Exercise materials:
______________________________
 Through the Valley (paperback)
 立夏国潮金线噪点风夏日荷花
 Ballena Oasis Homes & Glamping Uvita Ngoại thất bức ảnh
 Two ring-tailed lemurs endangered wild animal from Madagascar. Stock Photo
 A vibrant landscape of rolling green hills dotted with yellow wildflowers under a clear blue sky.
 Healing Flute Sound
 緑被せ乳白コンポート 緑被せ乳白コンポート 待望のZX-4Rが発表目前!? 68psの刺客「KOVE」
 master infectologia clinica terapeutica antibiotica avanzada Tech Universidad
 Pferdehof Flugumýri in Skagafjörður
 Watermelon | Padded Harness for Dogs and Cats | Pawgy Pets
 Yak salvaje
______________________________
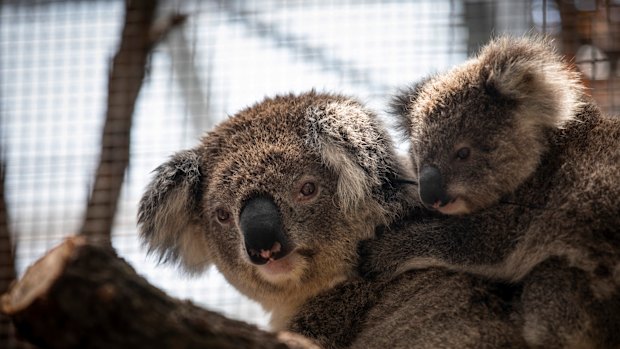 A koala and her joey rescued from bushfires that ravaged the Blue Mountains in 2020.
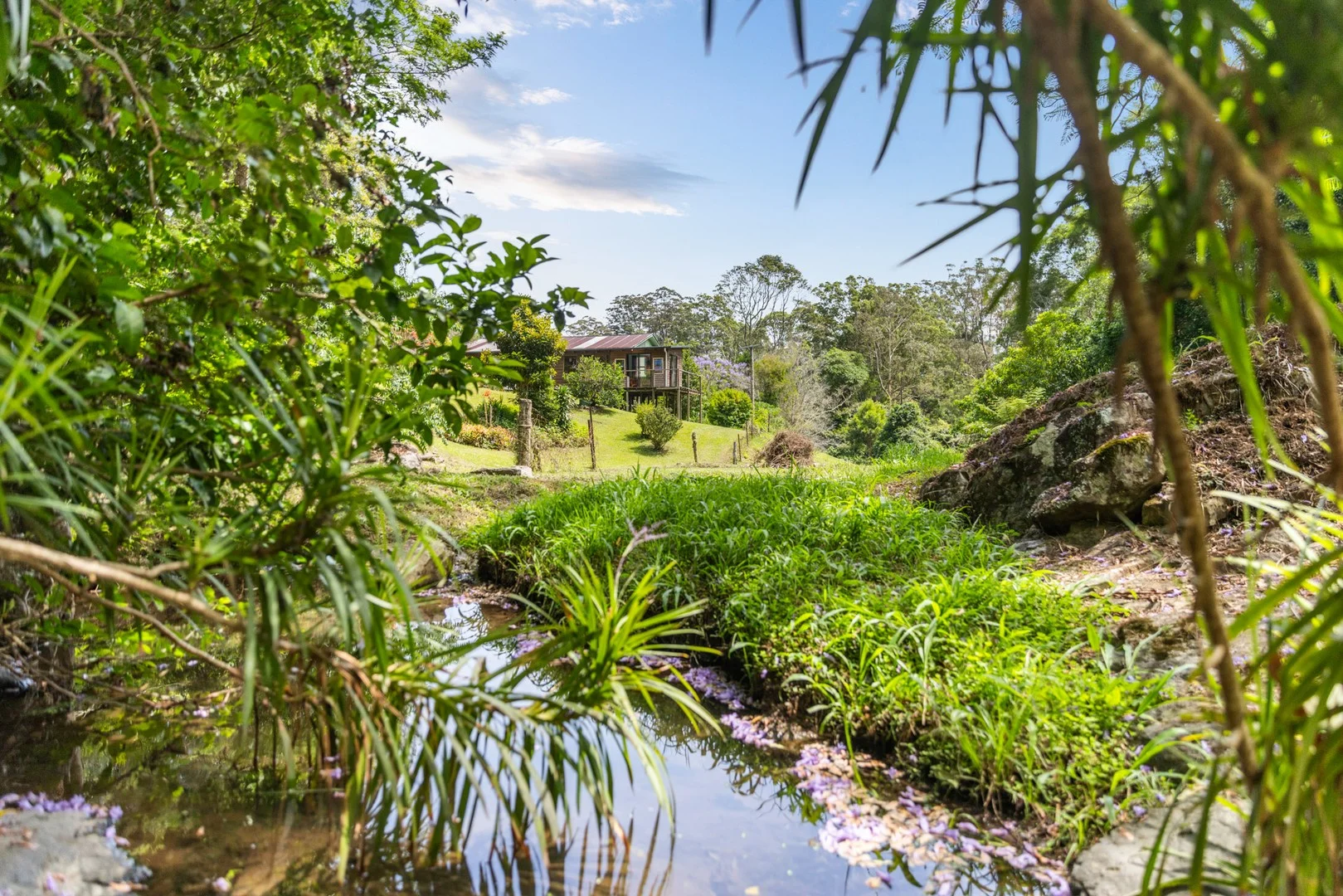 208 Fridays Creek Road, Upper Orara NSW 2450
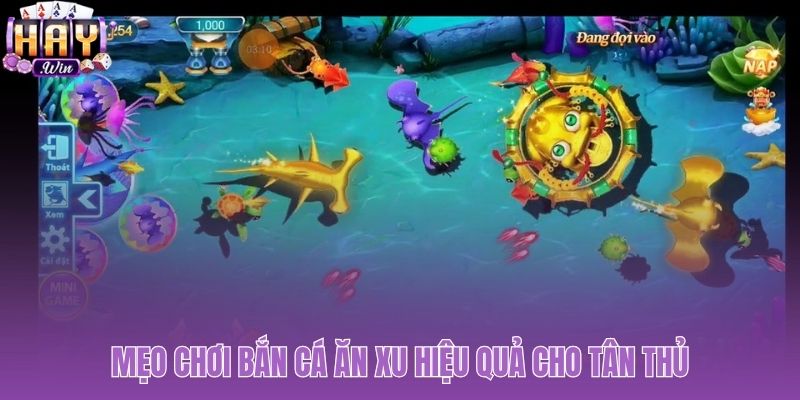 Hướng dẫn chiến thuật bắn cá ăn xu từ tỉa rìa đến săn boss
______________________________
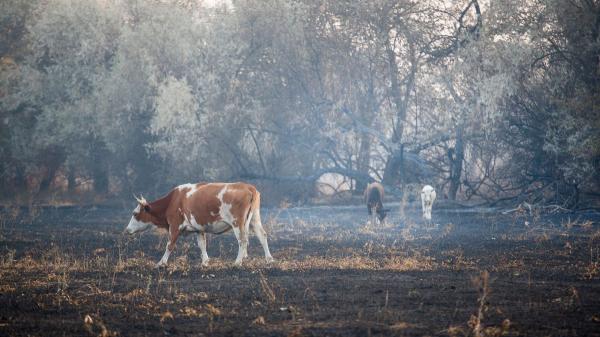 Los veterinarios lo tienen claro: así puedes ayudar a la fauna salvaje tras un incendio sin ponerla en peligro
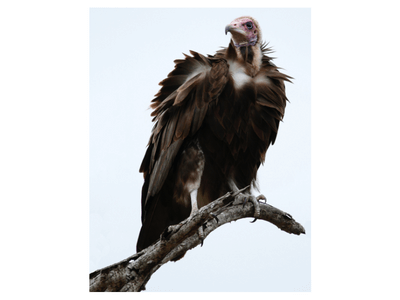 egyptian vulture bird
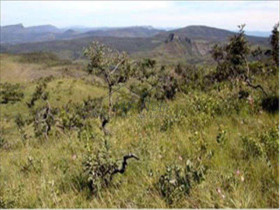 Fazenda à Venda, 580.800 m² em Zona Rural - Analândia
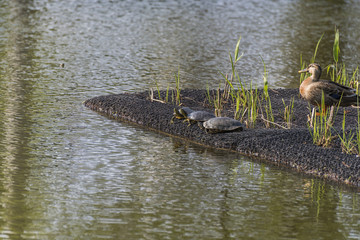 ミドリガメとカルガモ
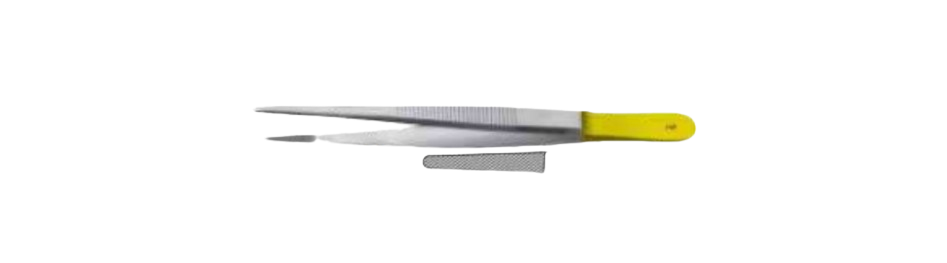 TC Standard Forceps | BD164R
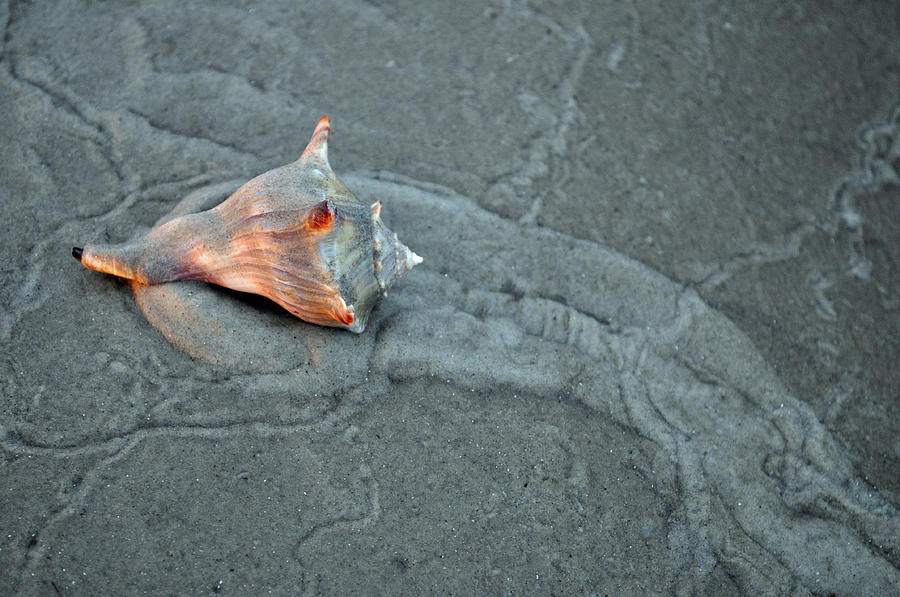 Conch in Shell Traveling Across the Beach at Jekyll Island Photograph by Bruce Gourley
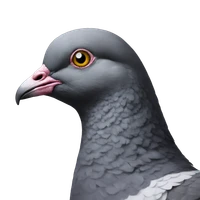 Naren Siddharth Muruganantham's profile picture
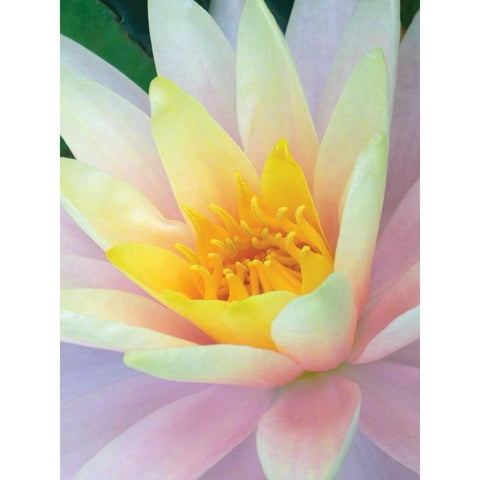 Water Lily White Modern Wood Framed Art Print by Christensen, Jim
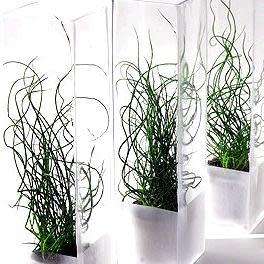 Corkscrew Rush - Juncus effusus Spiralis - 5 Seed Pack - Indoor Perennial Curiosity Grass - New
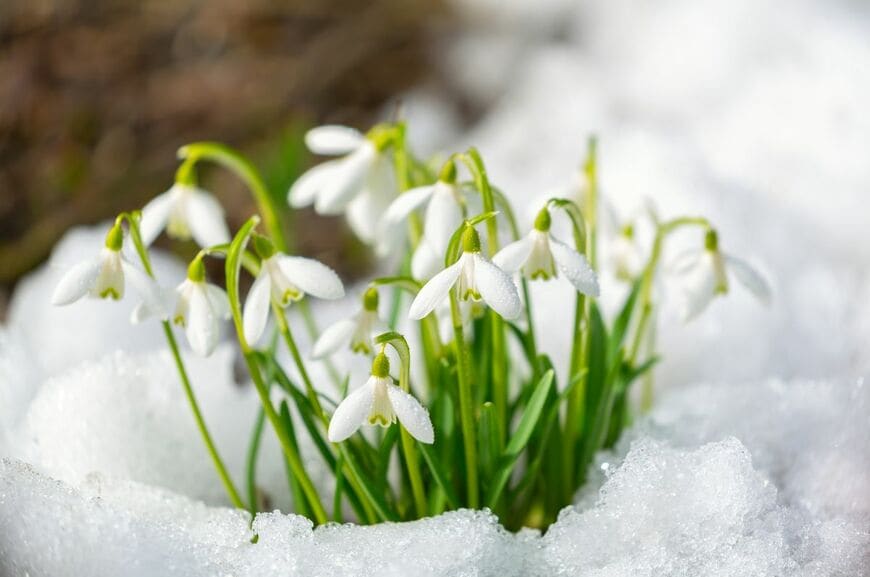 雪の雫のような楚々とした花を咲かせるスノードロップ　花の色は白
______________________________
Exercise instructions: Given the listing above, repeat exactly the lines starting at the one with "Naren Siddharth Muruganantham's" and ending at the one with "雪の雫のような楚々とした花を咲かせるスノードロップ　花の色は白", inclusive, excluding pictures.

Task output:
 Naren Siddharth Muruganantham's profile picture
 Water Lily White Modern Wood Framed Art Print by Christensen, Jim
 Corkscrew Rush - Juncus effusus Spiralis - 5 Seed Pack - Indoor Perennial Curiosity Grass - New
 雪の雫のような楚々とした花を咲かせるスノードロップ　花の色は白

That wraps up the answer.